# Calculating Voronoi Nodes

This note documents a general approach to calculating the location of Voronoi nodes for point, segment, and arc geometric entities. This is a part of my work for developing CAM software for my CNC machine.

In a Voronoi diagram, nodes (or vertices) are points that are equidistant from three or more entities (points, lines, arcs, etc.). In most Voronoi literature, these entities are typically called "sites" or "generators".

A bisector edge connecting two nodes separates two sites, and all points on that bisector are equidistant from the two sites.

In implementations, nodes may be restricted to 3 bisector edges. In cases where the node actually has more bisectors, the diagram may be represented by nodes connected with zero-length segment. At output time, the implementation may then collapse these coincident nodes into nodes with an arbitrary number of edges.

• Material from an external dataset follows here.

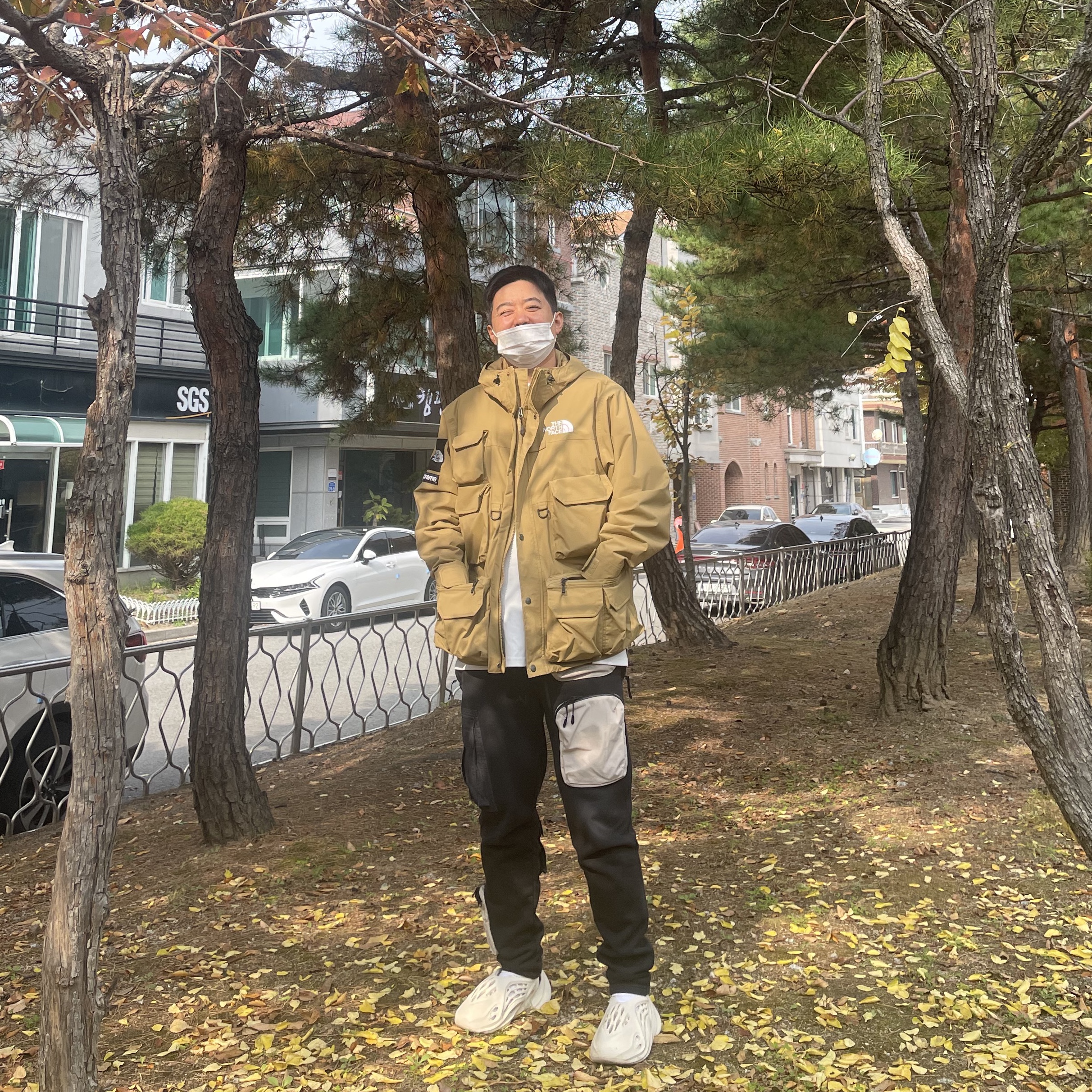Supreme x The North Face Cargo Jacket Gold - 20SS, Adidas Yeezy Foam RNNR Sand 착용 스타일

For best numerical stability, Voronoi nodes are calculated based on the three defining geometric sites, not by attempting to interset bisectors. For implementing a node solver, there are four cases to consider:

• Line, line, line
• Line, line, arc
• Line, arc, arc
• Arc, arc, arc

(Note that points are merely zero-radius arcs).

However, there are a number of degenerate cases to consider. When each degenerate case is considered for each of the four cases above, the implementation combinatorics can get daunting. This note describes a general node-solving approach, that handles all degenerate cases.

## Line and Arc Equations

For segments, we use the approach of first adding all segment end-points, then the supporting line is added and used to calculate node distances. In this case, a line can be defined as:

aix + biy + ci = 0

And an offset of the line may be defined as:

aix + biy + ci + kit = 0

Where ki is the offset direction (1 or -1) and t is the offset distance. Note that the line coefficients must be normalized such that $a_i^2 + b_i^2 = 1$ or kit will not represent the correct offset distance.

Similarly, an arc (circle) of radius r, centered on (xi,yi) is defined by:

$\left(x - x_i\right)^2 + \left( y - y_i \right)^2 - r^2 = 0$

Note that a point is just a zero-radius arc.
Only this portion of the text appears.